The United States alleged that Kabbage was aware of its errors as early as April 2020, yet Kabbage failed to remedy all incorrect loans that had already been disbursed and continued to approve additional loans with miscalculations. The resolution also provides for Kabbage to receive a $12.5 million credit for payments it previously returned to the SBA during the Department’s investigation of this alleged misconduct.

The second settlement, which provides the United States with a claim for recovery of up to $56.7 million, resolves allegations that Kabbage knowingly failed to implement appropriate fraud controls to comply with its PPP and BSA/AML obligations.
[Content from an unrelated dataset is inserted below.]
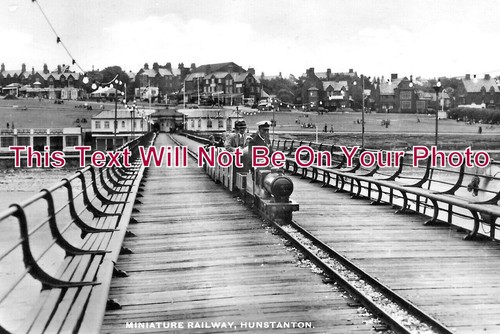 4529 miniature railway - 4529,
In particular, the United States allege that Kabbage removed underwriting steps from its pre-PPP procedures in order to process a greater number of PPP loan applications and maximize processing fees.

The government further alleged that Kabbage knowingly set substandard fraud check thresholds despite knowledge of SBA’s concerns that fraudulent borrowers might seek to benefit from the PPP; relied on automated tools that were inadequate in identifying fraud; devoted insufficient personnel to conduct fraud reviews; discouraged its fraud reviewers from requesting information from borrowers to substantiate their loan requests; and submitted to the SBA thousands of PPP loan applications that were fraudulent or highly suspicious for fraud.

During the pandemic, we blogged about Kabbage’s problematic PPP loans to purported agricultural businesses located on Long Beach Island, NJ. In addition to being my summer vacation destination of choice, LBI has recently achieved notoriety for another summer resident’s regrettable outdoor decoration choices. Anyway, I can assure you that LBI has miles of beaches, and plenty of ice cream shops, seafood markets, restaurants and delis – but like most beach communities, it’s pretty devoid of agricultural businesses, unless the Wawa in Ship Bottom somehow counts.